MRPs give utilities more opportunities to profit from improved performance. They can provide utilities with greater marketing flexibility to meet competitive challenges, retain large load customers, and satisfy the complex, changing demands of customers. Improved performance can become a new profit center for a utility at a time when traditional opportunities for earnings growth are diminishing. Less frequent rate cases can help utility managers focus on their basic business of providing customerresponsive services cost-effectively. Reduced regulatory cost is particularly valued by utility companies that operate in multiple jurisdictions.
On the other hand, MRPs can increase operating risk, without providing the utility with a compensatory adjustment to the authorized return on equity. Revenue may occasionally fall short of cost. Further, rate plans can be designed in such a way that customers receive most benefits, leaving the utility at a disadvantage.
Key Advantages and Disadvantages of Performance Incentive Mechanisms
Customers’ Perspective PIMs allow regulators and stakeholders to provide detailed guidance to utilities with regard to specific performance areas and the desired outcomes. They can be offered incrementally and gradually, thereby reducing customer risk.
This detailed guidance can also create tension among the parties involved. If there are significant incentives at stake, proceedings to design and approve PIMs can be complex, contentious and resource intensive. In practice, PIMs tend to focus on performance areas that are relatively easy to identify and evaluate, such as service quality, reliability and demand-side management (DSM) implementation, but may overlook other performance areas that also require improvement.

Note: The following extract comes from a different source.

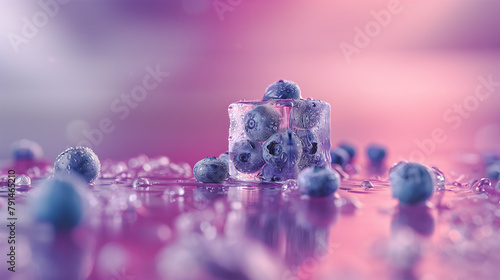 Blueberry in Ice Cube - Pink Gradient Studio Background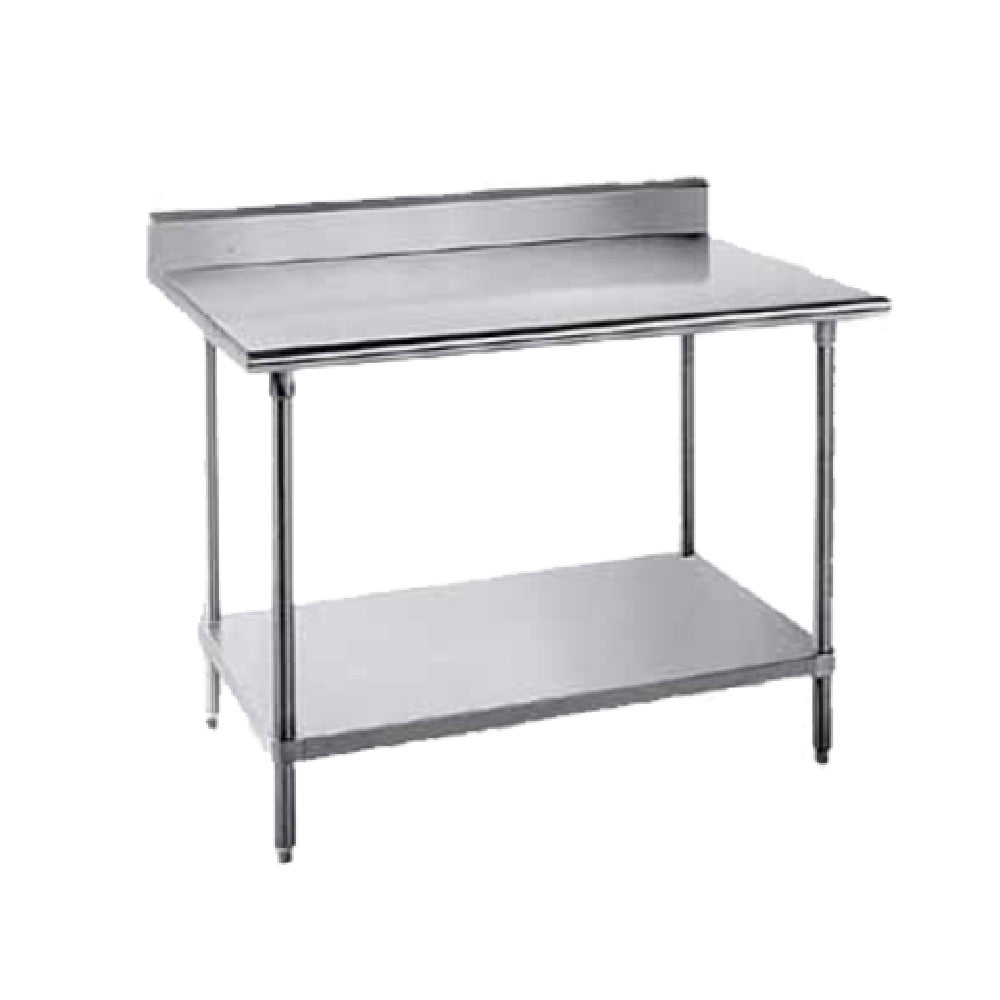 Advance Tabco KLG-307 Work Table 84"W X 30"D 14 Gauge 304 Stainless Steel Top With 5"H Backsplash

If not well-designed, PIMs can suffer from several pitfalls that would be detrimental to customers, such as disproportionate rewards, lax standards or unintended consequences. Financial rewards and penalties need to strike the right balance: low enough to mitigate regulatory risk, but strong enough to incentivize correct utility behavior. This balance can sometimes be difficult to achieve.
PIMs alert utility managers to special concerns of regulators and customers, helping to maintain good relationships among the parties to regulation. PIMs, like MRPs, can provide new earnings opportunities in an era when traditional opportunities are diminishing for some utilities.

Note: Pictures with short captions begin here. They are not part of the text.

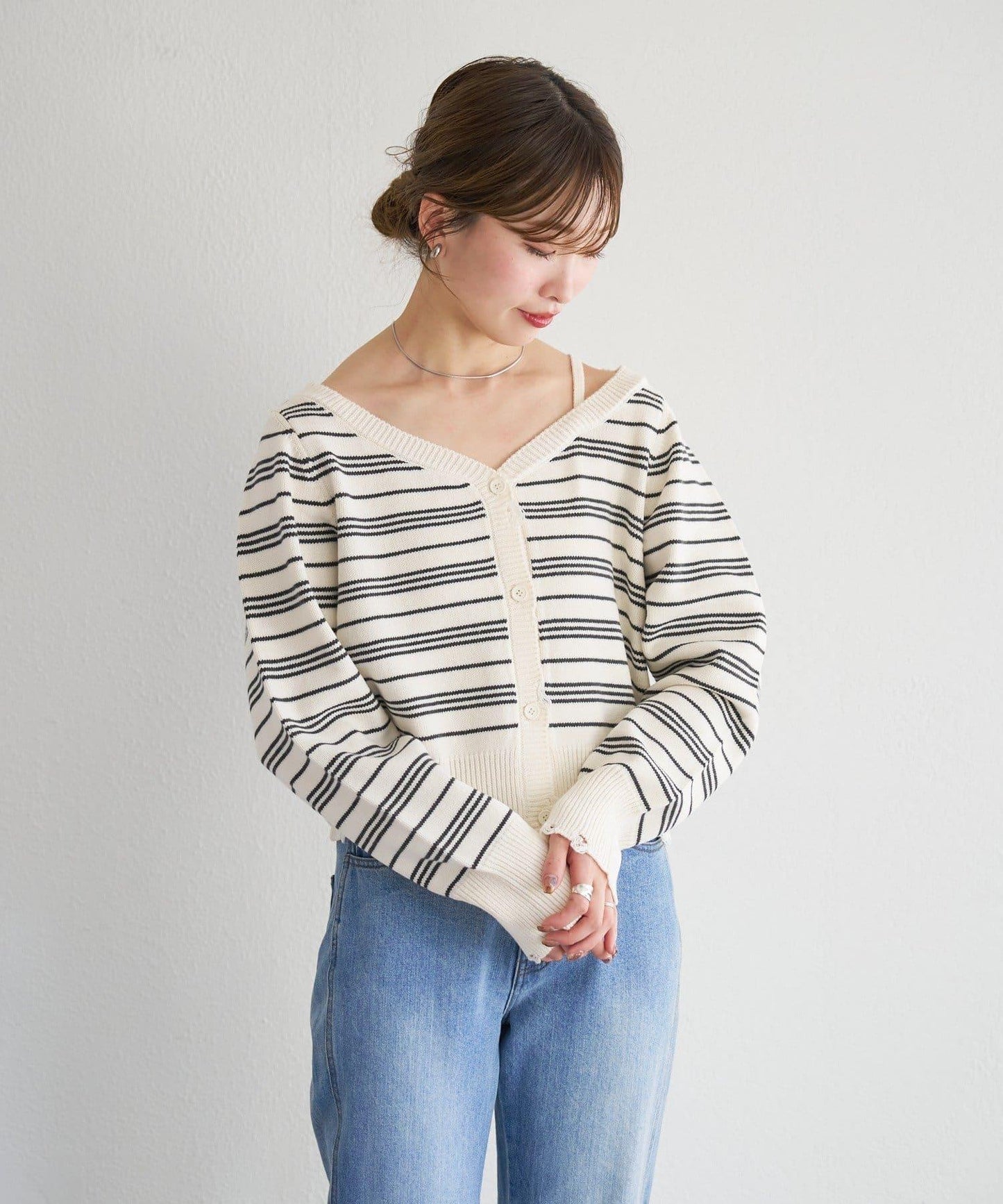 B 條紋做舊 針織開衫 B款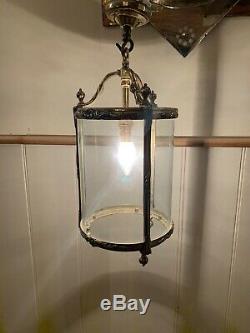 Vintage Solid Brass & Shaped Glass Hall Lantern Light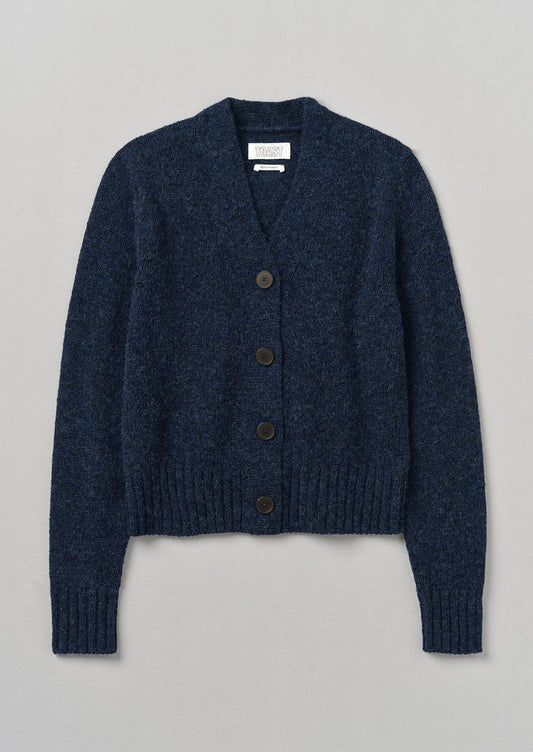 Kaia V-Neck Wool Cardigan | Navy Melange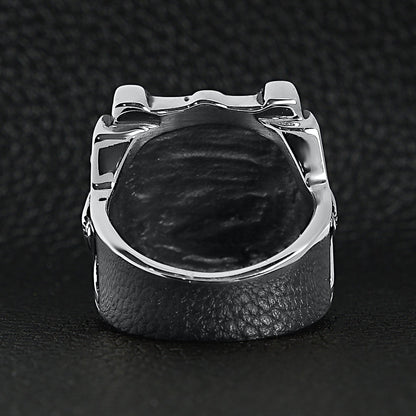 Stainless Steel Polished Studded Skull Signet Ring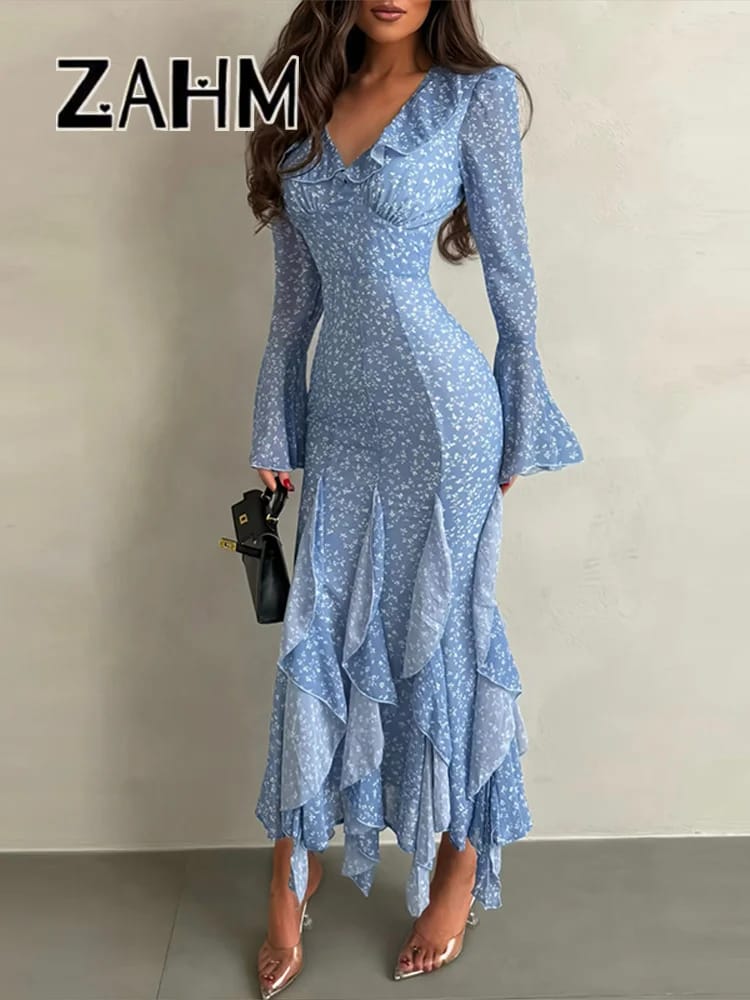 Chic Printed V-Neck Ruffle Bell Sleeve Maxi Dress for Women - Elegant Slim Fit Summer Vacation Robe thumbnail 3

But chosen metrics are sometimes difficult to control. Targets can be unreasonable at the outset or ratcheted unfairly as performance improves. Many PIMs involve penalties but no rewards, which is counter to the workings of competitive markets, where good performance typically results in higher revenue. When PIMs do offer rewards, they are often relatively small due to low reward rates and the limited scope of PIMs.
Are Stand-Alone PIMs Better Than Multi-Year Rate Plans?
The recent resurgence of interest in PBR in the United States has often focused on the addition of stand-alone PIMs to existing regulatory systems, rather than implementing MRPs or refining MRPs when they are already in use. This report discusses the advantages and disadvantages of MRPs and stand-alone PIMs.
Relative to MRPs, PIMs tend to be simpler, more transparent, less risky, and more focused on specific performance areas of interest to regulators. While the design of PIMs is also subject to some controversy and complexities, the stakes are generally much lower than in MRP design, and the process may be less contentious. On the other hand, stand-alone PIMs have to provide sizable incentives if they are to induce utilities to fully embrace energy efficiency and other DERs wherever they are preferable to utility capital expenditure. Important areas of utility performance such as general cost containment could in principle be addressed by PIMs, but typically are not.
MRPs incentivize a broader array of performance improvement initiatives. A well-designed MRP with revenue regulation and appropriate PIMs for DERs may be the most effective way to promote DERs. MRPs may also reduce the frequency of general rate cases and can therefore substantially reduce regulatory cost, unlike stand-alone PIMs.
Stand-alone PIMs can make more sense for utilities when the current regulatory system yields adequate revenue, investment opportunities are ample, and regulators and stakeholders are resistant to the types of sweeping changes associated with MRPs. It is sometimes difficult for the utility and stakeholders to agree on compensatory revenue escalation in an ARM.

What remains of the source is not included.